If you timely sign and return this letter agreement and it becomes binding, the
Company will provide you with the following benefits:

SALARY CONTINUATION
The Company will provide you with continuation of your base salary through
December 31, 2003 (the "Salary Continuation Period"), less all applicable state
and federal taxes, as severance pay.
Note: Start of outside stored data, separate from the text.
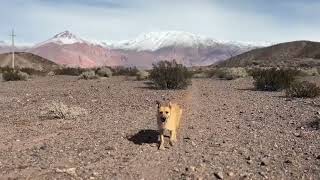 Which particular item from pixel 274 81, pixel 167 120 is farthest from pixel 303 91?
pixel 167 120

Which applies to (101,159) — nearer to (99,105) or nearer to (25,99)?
(99,105)

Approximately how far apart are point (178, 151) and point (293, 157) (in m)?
2.05

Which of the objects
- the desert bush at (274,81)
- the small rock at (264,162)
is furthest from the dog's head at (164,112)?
the desert bush at (274,81)

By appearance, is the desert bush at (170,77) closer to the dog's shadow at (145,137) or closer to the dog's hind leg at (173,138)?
the dog's shadow at (145,137)

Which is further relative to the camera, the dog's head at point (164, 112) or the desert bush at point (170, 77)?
the desert bush at point (170, 77)

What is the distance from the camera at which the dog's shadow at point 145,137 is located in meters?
11.5

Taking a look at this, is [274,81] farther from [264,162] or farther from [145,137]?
[264,162]

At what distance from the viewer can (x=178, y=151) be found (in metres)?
10.4

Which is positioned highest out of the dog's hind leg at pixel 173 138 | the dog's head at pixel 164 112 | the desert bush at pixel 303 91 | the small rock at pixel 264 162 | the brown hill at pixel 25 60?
the dog's head at pixel 164 112

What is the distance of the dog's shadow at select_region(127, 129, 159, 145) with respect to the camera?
1146 cm

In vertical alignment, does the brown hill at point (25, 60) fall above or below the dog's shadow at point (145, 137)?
below

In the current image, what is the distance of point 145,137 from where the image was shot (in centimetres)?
1192

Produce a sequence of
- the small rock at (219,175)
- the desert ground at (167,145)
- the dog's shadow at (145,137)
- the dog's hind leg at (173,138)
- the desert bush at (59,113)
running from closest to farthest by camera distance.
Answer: the small rock at (219,175) < the desert ground at (167,145) < the dog's hind leg at (173,138) < the dog's shadow at (145,137) < the desert bush at (59,113)

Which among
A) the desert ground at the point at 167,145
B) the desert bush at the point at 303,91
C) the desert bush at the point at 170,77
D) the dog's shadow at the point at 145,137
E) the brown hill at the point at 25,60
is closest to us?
the desert ground at the point at 167,145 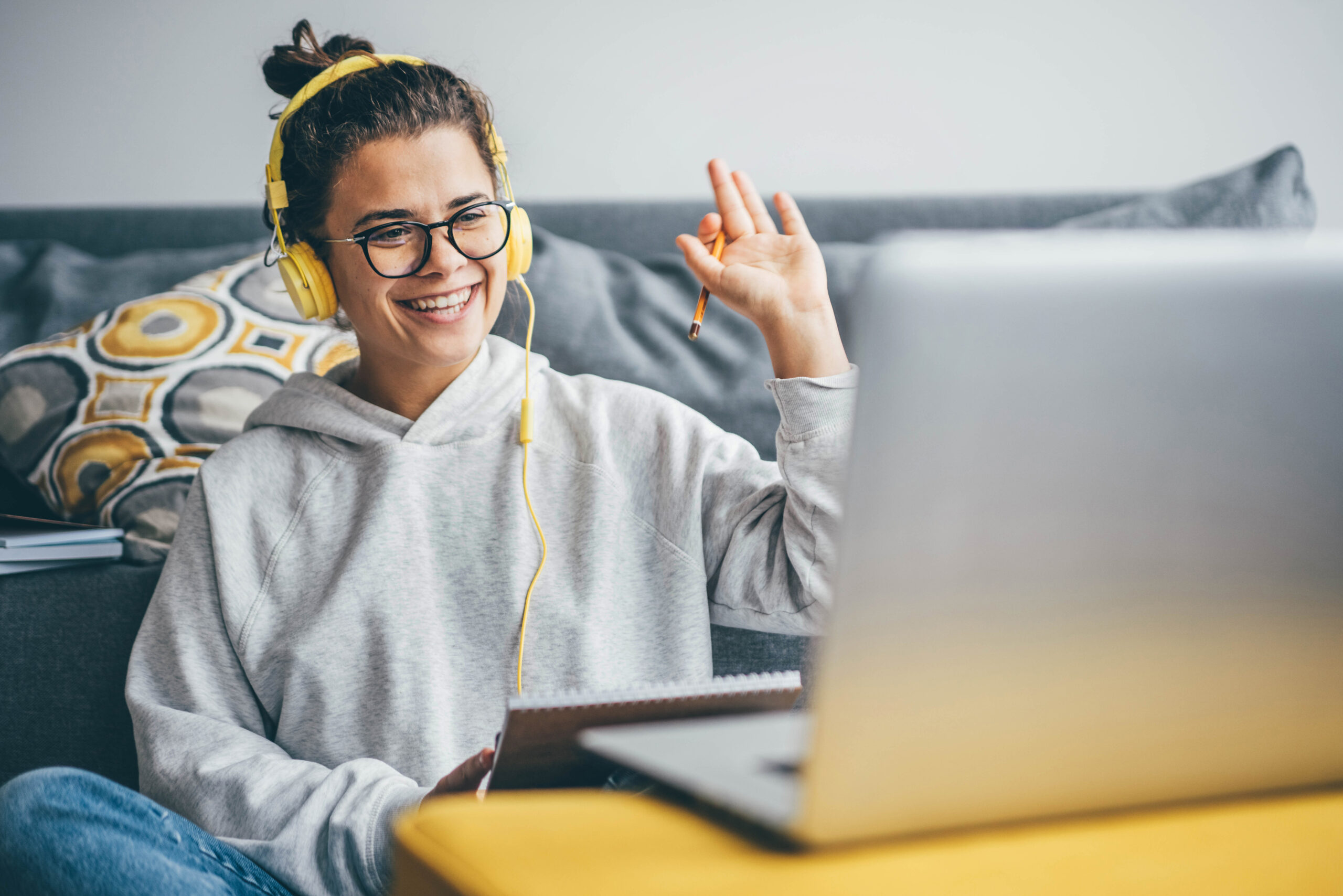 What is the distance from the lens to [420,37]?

The Company also will pay you an amount
through December 31, 2003, equal to the amount you would have received for
mortgage assistance, including gross-up for taxes due on the mortgage
assistance, through that time period had you remained employed by the Company.
These payments will be paid in accordance with the Company's normal payroll
practices, and will commence no earlier than the eighth (8th) day after this
letter agreement becomes binding.

BONUS PAYMENTS
The Company will pay you the amount equal to your target bonus for the
performance period beginning July 1, 2002 and ending December 31, 2002 under the
Performance Incentive Plan (PIP) ($140,000.00), less all applicable state and
federal taxes. In addition, the Company will provide you with an additional
payment of ($140,000.00), less all applicable state and federal taxes. These
payments will be paid prorata throughout the Salary Continuation Period in
accordance with the Company's normal payroll procedures, and will commence no
earlier than the eighth (8th) day after this letter agreement becomes binding.

LOAN REPAYMENT
Before December 31, 2003, you will repay the Company the principal amount of
your interest free loan ($250,000). As required by US tax laws, the Company will
calculate imputed interest income while the loan is outstanding and will include
an amount in your W-2 form for the imputed interest and gross-up for taxes due
on the imputed interest.

BENEFITS CONTINUATION
You will also be eligible to continue to participate in the same medical,
dental, life, and accidental death and disability coverage as you had while you
were employed with PerkinElmer as well as to continue to receive the automobile
allowance (of $17,500 per year, minus applicable taxes and withholdings) and
financial counseling allowance (of $12,000 per year, minus applicable taxes and
withholdings) you received while you were employed by the Company during the
Salary Continuation Period, to the same extent and upon the same terms as were
in effect immediately prior to the Termination Date (except that, for federal
income tax purposes, you will be treated as a former employee). Thereafter, you
may elect to continue receiving group medical insurance pursuant to the federal
"COBRA" law, 29 U.S.C. Section 1161 et seq. If you make that election, all
premium costs shall be paid by you on a monthly basis for as long as, and to the
extent that, you remain eligible for COBRA continuation. You should consult the
COBRA materials to be provided by the Company for details regarding these
benefits.

401(k) EXCESS PROGRAM FOR 2002
The Company will provide you with a payment of $13,200 ($400,000 X .06 X .55)
under the 401(k) Excess Program for 2002 based on a base salary of $400,000,
less all applicable state and federal taxes.

John J. Engel
December 13, 2002
Page 8

You are not eligible to receive a Company match in the 401(k) plan for 2002
because you will not be an active employee on 12/31/02.

OUTPLACEMENT
Outplacement services for will be arranged for you. Further information on
outplacement services will be provided under separate cover.

John J. Engel
December 13, 2002
Page 9

                                  ATTACHMENT B

                   LIST OF COMPANIES COVERED BY PARAGRAPH 6(i)

The list of companies covered by paragraph 6(i) is shown below and includes
these entities even though names may change through merger or other corporate
transactions.

         1.  Agilent, Inc.

         2.  ThermoElectron Corporation or any of its direct or indirect
             subsidiaries

         3.  Varian, Inc.

         4.  Waters Corporation

         5.  Bio-Rad Laboratories

         6.  Applera Corp or any of its direct or indirect subsidiaries

         7.  Amersham Pharmacia Biotech Inc.

         8.  Affymetrix, Inc.

         9.  Invitrogen Corp

         10. Molecular Devices Corp

         11. Mettler Toledo International, Inc.

         12. Dpix

         13. Hamamatsu Photonics, K.K.